MSI Reproductive Choices said that their decision was accelerated by the Black Lives Matter Movement and recognition that history writing and representation are always in dialogue with the contemporary moment. As such, how we choose to commemorate Stopes and her work is a potent topic now. Particularly as the current government is seeking to intervene in how historians and heritage organisations choose to represent the British past.

It is simultaneously true that Stopes was a pioneering advocate for (some) women and their reproductive rights – and that she was a sometimes vicious eugenicist. Few people in history were comedy villains or uncomplicated saints. But, we can do better than this “balance-sheet” approach to the past. It is not enough to simply acknowledge the flaws of those we seek to celebrate. Instead, we need to understand the fundamental role these wrongs played in their actions, attitudes and decision-making.

Condemnation or commemoration?

Stopes was a product of her age – eugenics was everywhere in early-20th-century Britain. I do not say that to excuse her writings or absolve her of her sins. But rather, to draw attention to the fact that intellectual life in this period of British history was profoundly coloured eugenics – a malevolent worldview that still has currency and continues to inflect our politics and ideologies today.

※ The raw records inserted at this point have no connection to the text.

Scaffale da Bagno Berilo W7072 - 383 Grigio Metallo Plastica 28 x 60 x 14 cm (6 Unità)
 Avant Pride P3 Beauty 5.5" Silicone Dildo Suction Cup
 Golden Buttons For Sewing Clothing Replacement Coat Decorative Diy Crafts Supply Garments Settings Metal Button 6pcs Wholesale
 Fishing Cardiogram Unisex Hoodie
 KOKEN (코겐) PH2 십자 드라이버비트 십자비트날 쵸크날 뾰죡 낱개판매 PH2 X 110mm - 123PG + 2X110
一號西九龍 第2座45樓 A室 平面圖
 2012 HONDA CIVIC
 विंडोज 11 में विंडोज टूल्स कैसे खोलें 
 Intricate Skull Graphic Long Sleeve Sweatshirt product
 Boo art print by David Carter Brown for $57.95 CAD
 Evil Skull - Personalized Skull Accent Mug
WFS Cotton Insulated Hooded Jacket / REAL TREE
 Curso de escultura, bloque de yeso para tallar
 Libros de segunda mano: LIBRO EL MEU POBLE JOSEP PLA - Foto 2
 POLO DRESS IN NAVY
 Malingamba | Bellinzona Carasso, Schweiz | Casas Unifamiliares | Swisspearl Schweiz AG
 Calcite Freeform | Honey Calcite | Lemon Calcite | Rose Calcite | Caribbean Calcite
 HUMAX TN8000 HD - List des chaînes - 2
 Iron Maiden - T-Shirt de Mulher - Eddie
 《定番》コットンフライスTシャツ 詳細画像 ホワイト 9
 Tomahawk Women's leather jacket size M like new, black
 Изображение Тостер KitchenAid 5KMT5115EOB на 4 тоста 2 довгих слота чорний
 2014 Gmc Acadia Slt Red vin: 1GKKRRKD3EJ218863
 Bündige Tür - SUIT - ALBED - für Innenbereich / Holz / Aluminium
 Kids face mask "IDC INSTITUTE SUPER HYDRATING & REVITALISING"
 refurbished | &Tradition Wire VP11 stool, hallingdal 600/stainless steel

Black and white portrait photo of Marie Stopes.
Marie Stopes’ should not be simply celebrated for her work in reproductive rights but should also be remembered for her fierce eugenicist ideals. Wikimedia

Rather than offer a straightforward celebration or condemnation of Stopes, it is perhaps more productive to use her as a tool to continue a conversation about reproductive rights, feminism, and the enduring legacy of eugenic thought. The historical details about her life and beliefs suggest that birth control activism had inequalities and cruelty baked into it from the very start.

They show how dependent supposedly progressive ideals in the early 20th century were on eugenics and social Darwinism (the use of Charles Darwin’s theory of evolution by natural selection to justify certain social, political, or economic ends). And they reveal how feminist activism undertaken by middle-class white women has so frequently taken place at the expense of their poor, minority ethnic, queer, disabled and trans sisters.

Another problem with centenaries is that despite their efforts to memorialise and remind, they place temporal distance between the then and now. As we use this marker as an opportunity to reflect on the troubling history of the birth control movement in Britain, we must remember that these problems have not been resolved.

Eugenic ideals persist. Birth control is not always a straightforward instrument of freedom and autonomy. And narrow and exclusive versions of feminist activism continue. History is no static object of study, not least because it remains a constant presence in our lives today.